McQuade sat there, wide-awake tired, trying to see whether all this could reasonably have anything to do with that submarine.
Then he picked up the telephone and dialled the son of Dr Wessels, the man who, in 1945, was the only dentist for many miles around.
Mr Wessels’ charming wife had coffee ready. She had a slight German accent. ‘Of course I can tell you something about the old days of Swakopmund, and about my father-in-law, but I do not understand why you need to look at his old records of his patients. I agree, dental records are not so … delicate as medical records – teeth are only teeth, but nonetheless …’ She trailed off.
McQuade took a breath. ‘Mrs Wessels, I was not entirely frank with your husband when I telephoned him this morning.’ He sighed. ‘I really am writing a book. But I’ve come to do so in a roundabout way … I am trying to trace my father.’
‘Your father?’
He nodded. ‘My surname is McQuade. But that is my mother’s maiden name. You see, I am illegitimate.’
Mrs Wessels looked embarrassed. ‘I see …’
McQuade held up a palm. ‘I’m quite used to the notion. But … naturally, I have an intense curiosity about my father. I believe that that’s very normal.’
‘I’m sure …’
McQuade said, ‘I don’t even know my father’s name. My mother refused to tell me, and now she’s dead, too. But … I believe that my father consulted your father-in-law shortly after the end of the war, and I believe that if I searched through your father-in-law’s records for that period, I would be able to identify him. From the dental work done on him. Then I would have his name.’
Mrs Wessels was sympathetic. ‘I see … But why do you think your father came to Dr Wessels?’

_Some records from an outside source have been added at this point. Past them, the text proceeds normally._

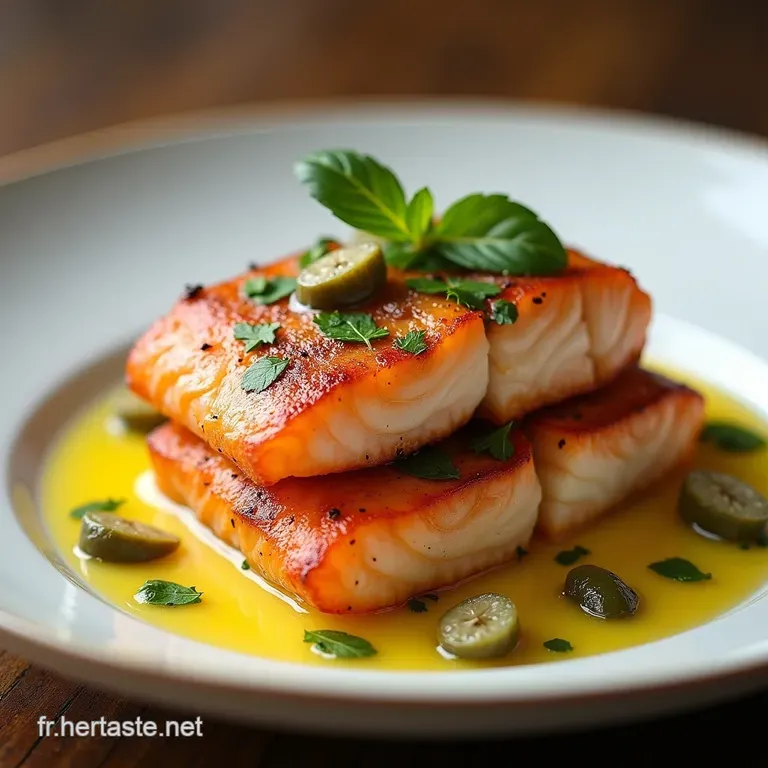 Pav&eacute;s de Saumon R&ocirc;tis Sauce Cr&egrave;me Velout&eacute;e aux &Eacute;pinards et Noix de Muscade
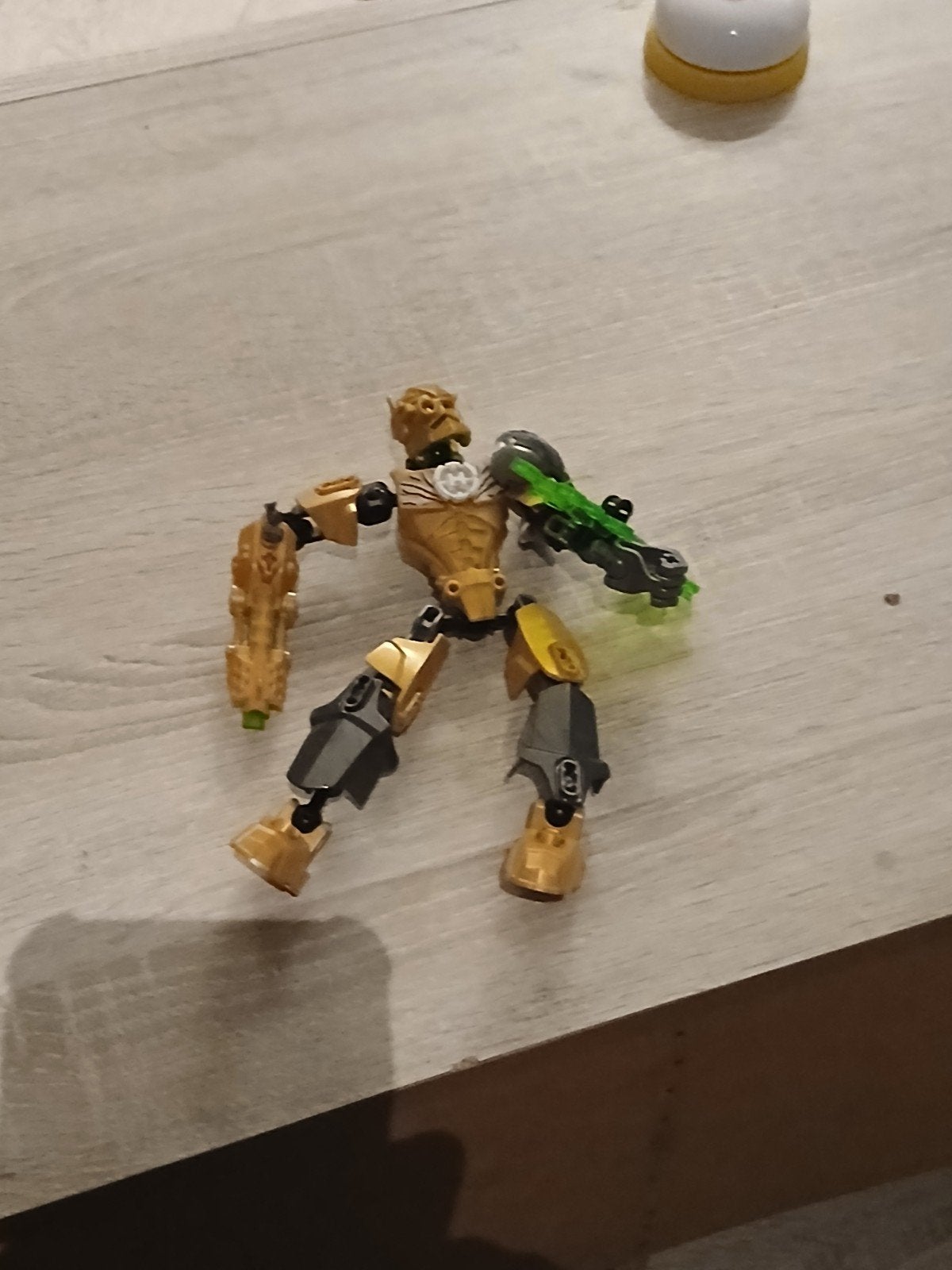 Gouden robot actiefiguur, Ophalen of Verzenden, Gebruikt, Overige merken
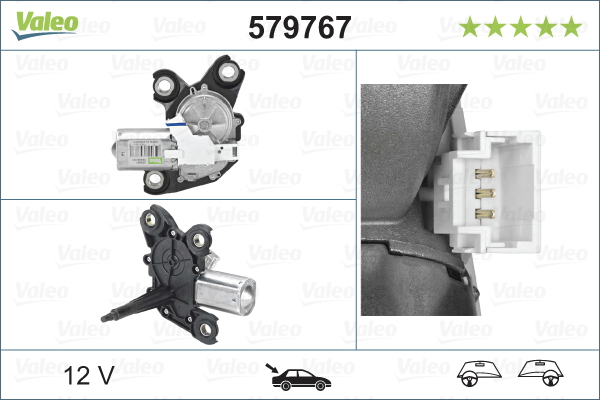 Wiper Motor - 579767 VALEO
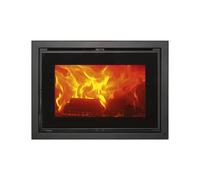 Inserto a legna ventilato Panadero"C720-S-5" antracite 7,6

‘Because,’ McQuade said, ‘it is one of the few details that my mother ever told me.’ He smiled: ‘One of the few things I know about myself is that I was conceived in Swakopmund. In 1945. My mother happened to be here, looking for a job. Plenty of jobs, because so many Germans were interned in concentration camps. The war ends and the Germans start coming home. And out of the desert comes staggering this handsome German. That’s how my mother described him.’ He smiled, then went on: ‘Evidently when the South Africans had started rounding up the German males, my father hid in the desert. And survived there throughout the war.’
‘I see …’
‘Evidently my father had been in a fight. He was in bad shape when my mother met him. And in pain. His front teeth had been broken. My mother took him to the dentist. And the only dentist in Swakopmund in 1945 was your father-in-law.’
‘I see …’
‘And,’ McQuade said, ‘if I could get his name, maybe I could trace him. If he’s still alive.’
In the corner of the spare bedroom stood an old filing cabinet. On the floor lay the long boxes of dental cards which McQuade had already searched. Mrs Wessels came in with another mug of coffee for him. ‘Any luck?’
‘Your father-in-law was a busy man.’
‘He used to say that his practice here extended over an area the size of Bavaria.’
‘Do you know who his dental nurse was in 1945?’
‘Sometimes it was my mother-in-law. But she’s away at the moment. Sometimes it was Mrs Kruger. She lives in the apartments on the beach called An der Mohle.’
McQuade was delighted. ‘Do you think she’d mind talking to me about your father-in-law’s patients?’
‘I’ll telephone her when you’re finished here.’
‘Thank you very much.’
Each card showed two crescent rows of teeth: upper and lower jaw. At the top was the patient’s name, address, age. On the rows of teeth, Dr Wessels had made marks in black, indicating the dental work done before the patient came to see him: other marks, in red, indicated the work which Dr Wessels himself had done. Below were notes, describing the work. Extracted teeth were marked with a cross.
McQuade was only concerned with cards after May 1945. Females, children and males under thirty he discarded immediately.